**** Material provided ****

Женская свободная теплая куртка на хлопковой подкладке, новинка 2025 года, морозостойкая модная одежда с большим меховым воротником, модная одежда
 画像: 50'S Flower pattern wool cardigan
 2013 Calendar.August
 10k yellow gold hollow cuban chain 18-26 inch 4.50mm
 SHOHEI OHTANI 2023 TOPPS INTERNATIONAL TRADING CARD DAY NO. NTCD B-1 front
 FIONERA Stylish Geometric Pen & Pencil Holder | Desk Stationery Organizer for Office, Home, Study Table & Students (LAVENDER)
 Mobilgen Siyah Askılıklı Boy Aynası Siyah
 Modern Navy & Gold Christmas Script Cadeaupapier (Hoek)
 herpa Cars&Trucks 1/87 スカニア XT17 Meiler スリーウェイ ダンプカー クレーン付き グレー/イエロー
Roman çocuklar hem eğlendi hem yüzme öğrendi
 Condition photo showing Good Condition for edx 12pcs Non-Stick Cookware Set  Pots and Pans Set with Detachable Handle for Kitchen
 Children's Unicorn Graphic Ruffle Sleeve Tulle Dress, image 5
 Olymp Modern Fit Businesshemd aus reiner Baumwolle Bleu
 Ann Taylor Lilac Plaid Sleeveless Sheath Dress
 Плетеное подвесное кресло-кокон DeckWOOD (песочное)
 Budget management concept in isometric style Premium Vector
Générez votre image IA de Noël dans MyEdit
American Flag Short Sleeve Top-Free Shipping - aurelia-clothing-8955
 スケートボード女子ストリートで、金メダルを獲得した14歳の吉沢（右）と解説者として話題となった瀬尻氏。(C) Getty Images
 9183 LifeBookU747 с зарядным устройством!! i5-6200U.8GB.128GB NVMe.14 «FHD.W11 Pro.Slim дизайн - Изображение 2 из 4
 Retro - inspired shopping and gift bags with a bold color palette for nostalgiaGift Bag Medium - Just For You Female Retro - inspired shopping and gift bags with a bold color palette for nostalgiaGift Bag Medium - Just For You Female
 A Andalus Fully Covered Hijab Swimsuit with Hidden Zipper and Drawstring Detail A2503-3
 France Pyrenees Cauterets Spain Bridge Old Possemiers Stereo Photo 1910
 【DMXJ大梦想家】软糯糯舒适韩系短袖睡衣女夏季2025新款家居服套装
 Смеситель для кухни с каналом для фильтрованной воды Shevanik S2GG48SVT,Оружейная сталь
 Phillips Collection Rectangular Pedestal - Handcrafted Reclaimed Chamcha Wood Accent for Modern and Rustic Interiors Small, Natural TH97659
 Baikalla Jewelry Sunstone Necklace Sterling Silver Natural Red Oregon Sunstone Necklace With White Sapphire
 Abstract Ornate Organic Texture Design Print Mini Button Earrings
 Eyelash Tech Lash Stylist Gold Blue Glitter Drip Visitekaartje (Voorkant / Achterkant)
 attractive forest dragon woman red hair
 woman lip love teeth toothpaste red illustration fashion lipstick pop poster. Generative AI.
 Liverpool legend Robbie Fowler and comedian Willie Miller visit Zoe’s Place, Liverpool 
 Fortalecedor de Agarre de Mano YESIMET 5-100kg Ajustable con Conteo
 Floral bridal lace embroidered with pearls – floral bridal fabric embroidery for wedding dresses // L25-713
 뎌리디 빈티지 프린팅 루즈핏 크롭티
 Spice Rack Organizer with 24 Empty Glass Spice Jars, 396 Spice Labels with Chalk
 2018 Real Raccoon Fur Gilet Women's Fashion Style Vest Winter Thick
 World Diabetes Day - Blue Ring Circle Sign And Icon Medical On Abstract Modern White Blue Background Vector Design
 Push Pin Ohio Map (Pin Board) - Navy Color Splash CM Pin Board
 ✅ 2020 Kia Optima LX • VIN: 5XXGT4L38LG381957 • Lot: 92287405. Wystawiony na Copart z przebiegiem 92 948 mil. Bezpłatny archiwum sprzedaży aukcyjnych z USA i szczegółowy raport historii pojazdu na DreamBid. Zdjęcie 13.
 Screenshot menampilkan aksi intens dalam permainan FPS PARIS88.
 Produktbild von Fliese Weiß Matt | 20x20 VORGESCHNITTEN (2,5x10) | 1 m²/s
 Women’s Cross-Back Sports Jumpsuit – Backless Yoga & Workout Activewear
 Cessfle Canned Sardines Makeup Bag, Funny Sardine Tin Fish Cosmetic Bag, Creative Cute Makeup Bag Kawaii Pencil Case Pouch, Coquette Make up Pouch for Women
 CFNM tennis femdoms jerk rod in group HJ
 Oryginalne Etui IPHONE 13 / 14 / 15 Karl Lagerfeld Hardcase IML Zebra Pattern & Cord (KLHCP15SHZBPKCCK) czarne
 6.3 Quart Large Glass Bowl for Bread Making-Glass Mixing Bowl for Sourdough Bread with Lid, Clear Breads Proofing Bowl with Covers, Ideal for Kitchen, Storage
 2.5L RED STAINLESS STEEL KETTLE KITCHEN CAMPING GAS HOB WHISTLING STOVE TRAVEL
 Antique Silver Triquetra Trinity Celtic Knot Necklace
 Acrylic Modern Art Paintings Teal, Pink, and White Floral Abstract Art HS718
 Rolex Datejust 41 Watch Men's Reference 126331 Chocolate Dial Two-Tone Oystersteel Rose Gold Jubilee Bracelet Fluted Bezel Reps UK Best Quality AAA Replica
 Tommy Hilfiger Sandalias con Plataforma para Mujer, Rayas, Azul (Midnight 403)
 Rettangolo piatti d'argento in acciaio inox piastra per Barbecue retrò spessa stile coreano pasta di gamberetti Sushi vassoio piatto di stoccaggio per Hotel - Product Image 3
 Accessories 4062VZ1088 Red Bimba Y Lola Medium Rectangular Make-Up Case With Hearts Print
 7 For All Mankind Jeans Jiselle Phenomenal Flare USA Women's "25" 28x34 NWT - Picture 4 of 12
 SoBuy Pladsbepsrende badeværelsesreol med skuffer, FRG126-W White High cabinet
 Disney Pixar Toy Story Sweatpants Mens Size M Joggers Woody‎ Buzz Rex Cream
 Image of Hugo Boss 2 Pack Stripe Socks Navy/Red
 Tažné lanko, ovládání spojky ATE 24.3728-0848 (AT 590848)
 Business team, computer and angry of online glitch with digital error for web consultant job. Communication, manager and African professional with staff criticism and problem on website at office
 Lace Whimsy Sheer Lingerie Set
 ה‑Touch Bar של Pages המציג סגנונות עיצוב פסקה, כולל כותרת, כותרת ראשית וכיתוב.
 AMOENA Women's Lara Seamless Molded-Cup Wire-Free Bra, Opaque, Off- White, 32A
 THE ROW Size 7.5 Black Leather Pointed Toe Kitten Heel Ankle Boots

****

Assignment:
Note every line above where the string "Rectangular" shows up, and copy those lines.

Result:
 Phillips Collection Rectangular Pedestal - Handcrafted Reclaimed Chamcha Wood Accent for Modern and Rustic Interiors Small, Natural TH97659
 Accessories 4062VZ1088 Red Bimba Y Lola Medium Rectangular Make-Up Case With Hearts Print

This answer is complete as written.